Update, still at 8 tortoises. Everyone is well!


----------



## MPRC (Jun 5, 2019)

Squirtle


----------



## MPRC (Jan 13, 2020)

Long time no chat, but here's SPEEDY!


----------



## [email protected] (Jan 17, 2020)

MPRC said:


> Big boy Vern
> View attachment 246481


Oh my goodness! Is this a redfoot tortoise? How nice


----------



## LittleBigChief (Mar 6, 2020)

MPRC said:


> 7 rescued redfoots and one mean as snot yellow foot residing in Oregon!
> 
> View attachment 245961
> View attachment 245962
> ...


How old is vern?!? How much does he weigh?


----------



## MPRC (Mar 22, 2020)

LittleBigChief said:


> How old is vern?!? How much does he weigh?


Vern is 14 years old and weighs about 17lbs. He's the largest by 3lbs over our next biggest female.


----------



## LittleBigChief (Mar 22, 2020)

Oh Lord! Mija is 11. I never weighed him? probably 6lbs. I live in California. i'm curious what your outdoor enclosure is like. Honestly he sleeps inside our house because we have lived in really small spaces without a yard. We recently moved to a house and he gets to hang out outside a lot. But I haven't built an outdoor enclosure for him. What does your outdoor enclosure look like?
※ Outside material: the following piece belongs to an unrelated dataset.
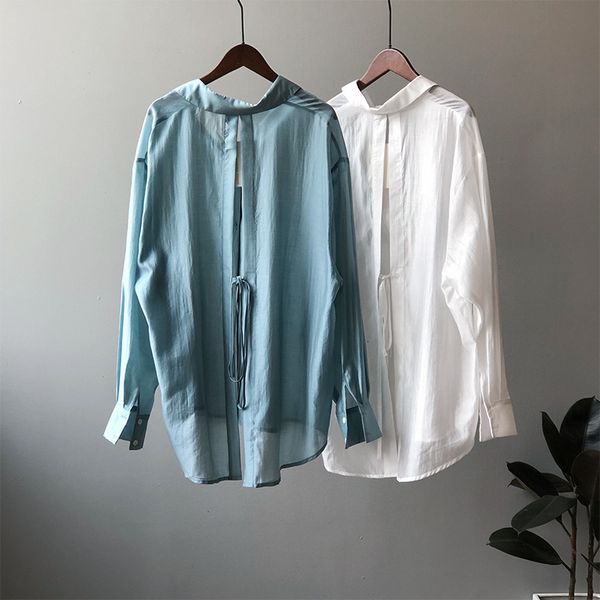 women's blouses & shirts summer fairy sunscreen tencel shirt solid color lapel backless loose blousers design long sleeve xbwt, White 
women's blouses & shirts summer fairy sunscreen tencel shirt solid color lapel backless loose blousers design long sleeve xbwt, White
I was thinking about building a "garden bed" with half of it covered hoop house style for shade, and the other just with chicken wire for sun and to keep out predators. about 40ft X 5ft. Not sure about putting in a heating source?


----------



## MPRC (Apr 13, 2020)

LittleBigChief said:


> Oh Lord! Mija is 11. I never weighed him? probably 6lbs. I live in California. i'm curious what your outdoor enclosure is like. Honestly he sleeps inside our house because we have lived in really small spaces without a yard. We recently moved to a house and he gets to hang out outside a lot. But I haven't built an outdoor enclosure for him. What does your outdoor enclosure look like? I was thinking about building a "garden bed" with half of it covered hoop house style for shade, and the other just with chicken wire for sun and to keep out predators. about 40ft X 5ft. Not sure about putting in a heating source?


I'll snap some photos, but it's just a big 15x30ft yard with several hides, some tall grass, a few trees, etc. We are building a wading pond this year though.


----------



## MPRC (Apr 13, 2020)




----------



## LittleBigChief (Apr 13, 2020)

How's your yellow foot doing? Feeling better?


----------



## MPRC (May 10, 2021)

We are still "hanging in there" in Oregon.


----------



## ZEROPILOT (May 11, 2021)

MPRC said:


> We are still "hanging in there" in Oregon.
> View attachment 324871


That's one determined tort.


----------



## MPRC (May 12, 2021)

ZEROPILOT said:


> That's one determined tort.


He's actually able to get over that barricade if left to his own devices.


----------



## MPRC (May 12, 2021)

Speedy is over 2 years old now and living the good life. She's living with us full time and has a 6ft x 8ft area in the tortoise yard to herself. Don't mind the orange gaffer tape, it is UV reactive so I can find her in the deep grass.


----------



## MPRC (Sep 19, 2021)

Meet the hours old baby currently being called "Trashtortle" (it's a working title) - I gave those eggs to a local friend with a huge tropical garden and she was ready to give up hope and toss her eggs today. This dude was having none of it and pipped this morning and was out moving around by afternoon. This is our 2nd successful hatchling and so far neither has been incubated by me.


----------